Designed in 1939 , by the Diamond T Motor Car Company, The 969A wrecker would see many theatres of service from civilian to its more exclusive and more known military role. It became one of the most heavily used recovery vehicles by allied forces in World War Two. It was not uncommon for it to be seen accompanying heavier apparatus of the time such as the Ward La France wreckers and scammells. Far after the battlefields of Europe subsided it saw heavy use in the Middle East and in other parts of the world. Not only was it known in the Middle East after world war two, but many were also sold as military surplus pieces to civilian companies and agencies in the United States and around the world and could be seen up to the 1970’s.

The Diamond T 969A, was powered by a Hercules RxC 6-cylender Gasoline engine. It packed a massive 529 Cubic inch block which put out about 107hp. Grinding the gears was a five speed transmission, accompanied by a transfer case which was manufactured by Diamond T. The 969A was equipped with a Kellogg compressor which sat just behind the cab. As well as a pair of Holms W45 booms as its main wrecking gear. Each boom could be used individually but max lift weight could be achieved by using them in tandem at the rear of the truck. The booms could also be swung to the side of the truck for side lifts, which is the reason for the outriggers on each side of the truck as well as allowing for overall stabilization. At the front of the truck sat a Garwood 15,000lb winch. The winches for the Holms booms were rated at about 10,000 pounds each which together would be capable of hoisting about 10 tons.

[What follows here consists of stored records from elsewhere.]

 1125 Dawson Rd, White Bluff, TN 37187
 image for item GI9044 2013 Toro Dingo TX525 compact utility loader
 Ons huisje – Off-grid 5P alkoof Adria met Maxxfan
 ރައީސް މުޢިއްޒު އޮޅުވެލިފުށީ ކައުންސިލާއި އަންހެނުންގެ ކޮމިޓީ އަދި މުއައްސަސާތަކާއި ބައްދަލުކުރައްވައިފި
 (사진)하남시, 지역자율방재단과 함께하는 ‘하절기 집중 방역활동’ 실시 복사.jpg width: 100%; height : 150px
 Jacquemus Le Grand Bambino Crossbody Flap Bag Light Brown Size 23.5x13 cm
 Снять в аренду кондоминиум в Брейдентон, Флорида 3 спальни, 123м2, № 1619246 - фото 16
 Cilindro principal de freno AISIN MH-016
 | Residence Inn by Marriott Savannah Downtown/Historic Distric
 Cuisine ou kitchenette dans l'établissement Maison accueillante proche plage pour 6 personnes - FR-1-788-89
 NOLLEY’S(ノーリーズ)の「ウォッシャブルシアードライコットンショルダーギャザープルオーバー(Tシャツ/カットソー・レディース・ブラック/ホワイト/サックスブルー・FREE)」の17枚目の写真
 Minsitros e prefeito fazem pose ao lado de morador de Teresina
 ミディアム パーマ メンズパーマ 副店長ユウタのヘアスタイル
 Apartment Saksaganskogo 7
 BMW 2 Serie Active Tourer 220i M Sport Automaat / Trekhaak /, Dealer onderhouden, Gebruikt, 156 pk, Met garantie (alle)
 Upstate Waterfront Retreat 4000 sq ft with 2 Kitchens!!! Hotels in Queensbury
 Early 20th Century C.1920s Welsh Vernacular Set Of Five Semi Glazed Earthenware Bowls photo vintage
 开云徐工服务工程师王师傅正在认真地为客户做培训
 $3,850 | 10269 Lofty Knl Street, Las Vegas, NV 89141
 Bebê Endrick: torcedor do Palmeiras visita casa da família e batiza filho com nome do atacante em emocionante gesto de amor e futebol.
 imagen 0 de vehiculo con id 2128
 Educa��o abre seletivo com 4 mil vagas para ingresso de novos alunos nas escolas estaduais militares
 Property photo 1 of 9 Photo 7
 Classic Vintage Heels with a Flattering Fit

Although this was possible with the winches alone, it in fact was not practical, due to the fact that this would exceed the 969A’s GVW (Gross Vehicle Weight) causing major damage to the chassis.


The kit comes in a cardboard box with a picture of the 969A in sepia tone across the front. Upon opening the box you will find:
  • 11 Sprues of gray plastic styrene
  • 1 Sprue of clear plastic styrene
  • 1 Sheet of decals
  • Photo Etch was missing from this kit
  • 20 Pages of instructions printed in black and white


There are 570 parts laid out on 11 sprues
1x Sprue A: Suspension parts as well as the chassis and axel housings, transfer case etc…

4x Sprue B: There are two completely different pairs of Sprue B’s, making a total of four , a duplicate for each variant .
The first set of consists of the wheels as well as hubs, there are two sprues of this.
The Second set consists of intricate and highly detailed as well as extremely small parts which appear to have no general area of focus for building as parts for the suspension, booms, tools, and hoisting equipment

1x Sprue C: Consisting of the highly detailed Hercules engine, as well as the radiator and other assorted mechanical parts.

1x Sprue D: Consisting of the body panels, headlight guards, and more small parts.

1x Sprue O: Comprising of the floor board, dash board, seats, etc…

1x Sprue X: This consists of most of the heavy lifting equipment, pressurized tanks, super structures and sub structures of the booms, as well as the floor board for the bed of the truck, and various other small parts.

2x Sprue Y: Small parts for winches and other structures


I, myself am a hug fan of anything recovery related, so this kit was a no brainer for me and a long awaited addition to my stash. When I first received it, there was no shrink wrap around the box itself, which initially puzzled me, but none the less after inspecting the contents, everything was there and nothing was broken, the latter of which amazes me, and will bring us to my next point of focus. Upon opening the box the sprues are wrapped in an unusual choice of protection. To describe it and compare it, I would say it’s very similar to the less than sufficient bag you receive your Chinese food in. I am amazed at the fact that not one piece came tumbling out as I removed the sprues from the protective wrapping. A quick look at the instructions proves to be pleasantly surprising, but after a more detailed look, I was left on the fence about the nomenclature of the instructions. They do offer a nice highly detailed diagram of the piece you’re constructing, but there are no “steps” like we see in almost every other set of instructions by other manufacturers. You simply build by the page, with not much guidance or sense of direction.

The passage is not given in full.